Raw data:

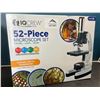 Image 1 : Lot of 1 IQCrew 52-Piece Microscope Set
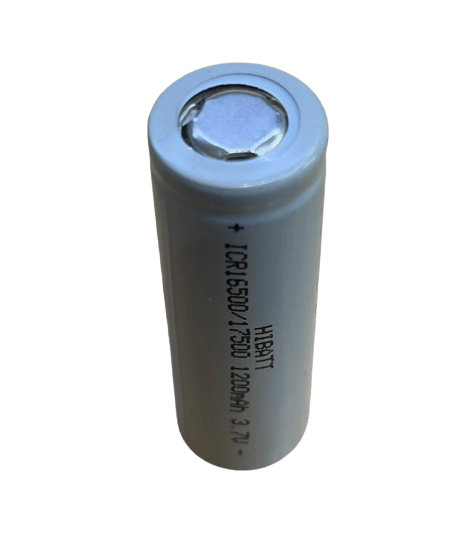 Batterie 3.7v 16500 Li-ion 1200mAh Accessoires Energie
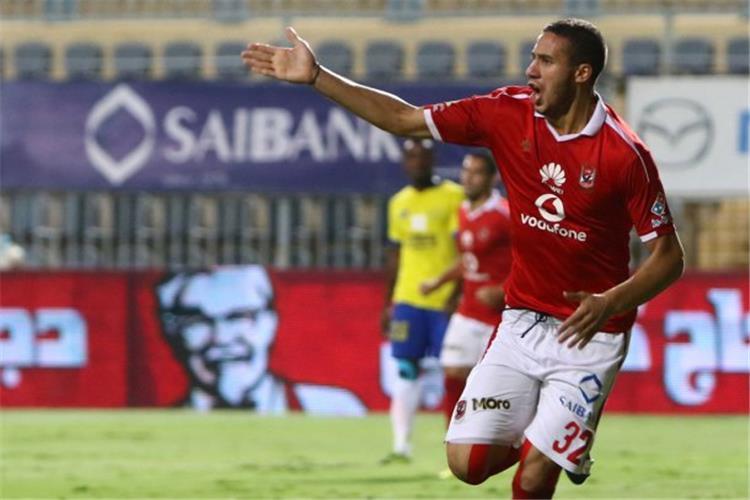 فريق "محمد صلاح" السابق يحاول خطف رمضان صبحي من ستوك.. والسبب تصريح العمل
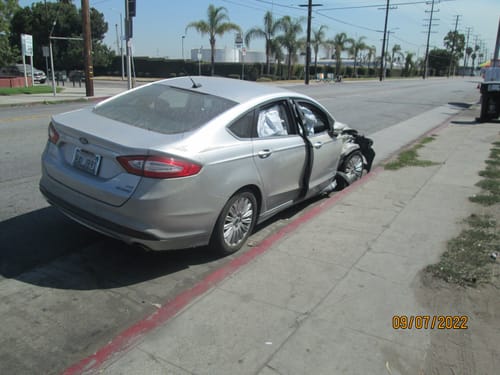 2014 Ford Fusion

* * *

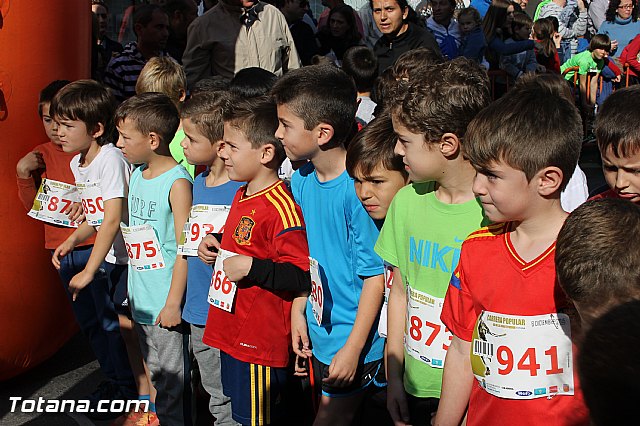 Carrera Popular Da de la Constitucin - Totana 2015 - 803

Work instruction:
Reproduce the entries exactly, from the line with "Image 1 : Lot" to the line with "2014 Ford Fusion", both lines included, keeping no pictures.

Exercise output:
 Image 1 : Lot of 1 IQCrew 52-Piece Microscope Set
 Batterie 3.7v 16500 Li-ion 1200mAh Accessoires Energie
 فريق "محمد صلاح" السابق يحاول خطف رمضان صبحي من ستوك.. والسبب تصريح العمل
 2014 Ford Fusion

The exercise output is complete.